Arrays and maps: Members, entries, values, contents, pairs, …

With version 4.0, we are adding a lot of promising and powerful new map and array features. This is a big step forward, compared to the obvious limitations of 3.1.

Some aspects of the 3.1 design have made it difficult (or impossible) to fully adjust array and maps, but (in my opinion) the old overall concept was impressively consistent – and it is definitely a big challenge to achieve a 4.0 design that is not too fragmented.

To me, this becomes particularly evident in the case of arrays. The following example sums up the items of all members of an array.

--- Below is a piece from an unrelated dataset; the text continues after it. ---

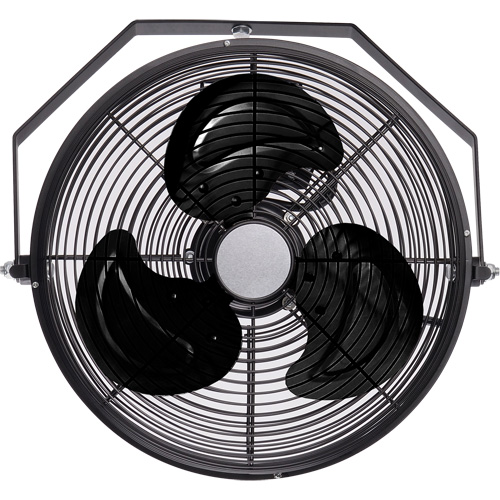 Industrial Workstation Fan, Industrial, 3 Speed, 12" Diameter Trail Hammer and Bolt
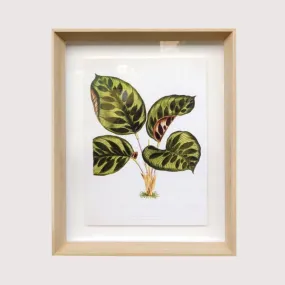 Framed Print - Calathea Makoyana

For the cumbersome 3.1 solution…

for $pos in 1 to array:size($array)
return sum($array($pos))

…we now have at least several (roughly?) equivalent options to do this; for example…

for member $m in $array return sum($m)
array:members($array) ! sum(?value)
$array?entry::* ! sum(?value)
$array?value::* ! sum(.)

…which is great – but the downside is that we have introduced a terminological jungle. The examples above could imply that:

for 1., an array member is a sequence (which it indeed is);
for 2., an array member is a map;
for 3., an array has entries (but there is no array:entries);
for 4., an array has values (which is true, but array:value returns a different structure).

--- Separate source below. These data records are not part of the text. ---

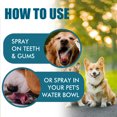 thumbnail image 6 of 5.83x1.50 Inch Fresh Breath Teeth Spray for Dogs Oral Hygiene Dental Care with Natural Mint Extract - Fights Bad Breath Maintains Oral Health, 6 of 9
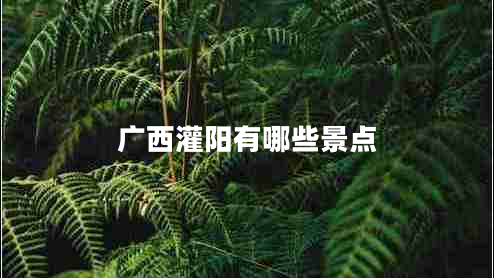 廣西灌陽(yáng)有哪些景點(diǎn)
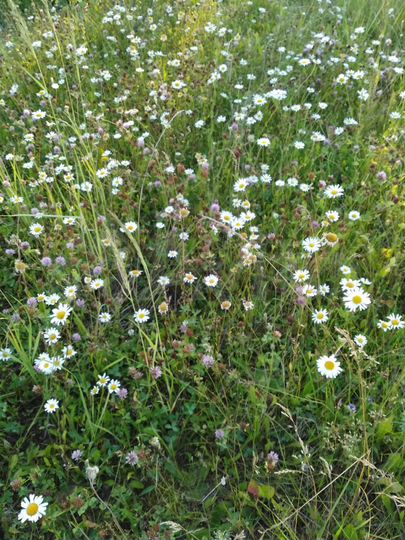 Участок 3 сот. (СНТ, ДНП)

Next, with the current proposals, $array:content::1 gives us the sequence-concatenated version of the first member of an array. Similar observations can be made with maps: map:entries($map) returns singleton maps, whereas $map?entry::* is actually equivalent to map:pairs.

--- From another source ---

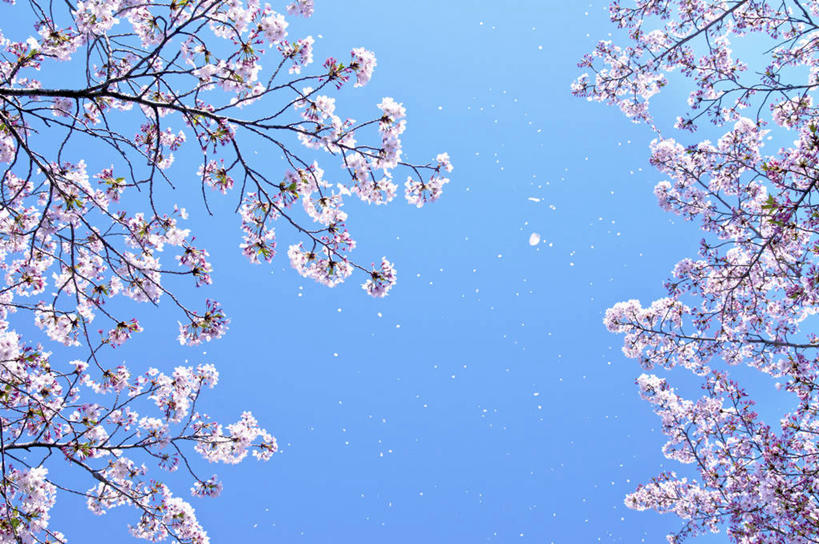 无人,横图,室外,白天,仰视,旅游,度假,幸福,纯洁,美景,樱花,日本,亚洲,许多,阴影,盛开,光线,影子,景观,枝条,很多,花蕾,娱乐,花,花瓣,花朵,鲜花,树枝,粉色,蓝色,蓝天,天空,阳光,自然,天,花苞,花蕊,享受,休闲,景色,放松,大阪,晴朗,等待,生命,自然风光,东亚,本州,万里无云,大阪府,本州岛,日本国,近畿地方,近畿,兵库,兵库县,仙樱花,福岛樱,青肤樱,高尚,热烈,淡路岛,虬枝,枝杈,晴空,晴空万里,荆桃,彩图,低角度拍摄,大阪湾,界港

The fundamental obstacle are clear have already been discussed a lot, but I think that with each new concept, we should try really hard not to blur terminology, and work with terms that users can assign to the underlying concepts without too much guessing or trial’n’error.

My general suggestions would be to…

align the new lookup terminology and the builtin functions, and
omit, rename or drop builtin functions that do not rely on the existing or arising terminology.

My concrete proposals (maybe followed by others) would be to…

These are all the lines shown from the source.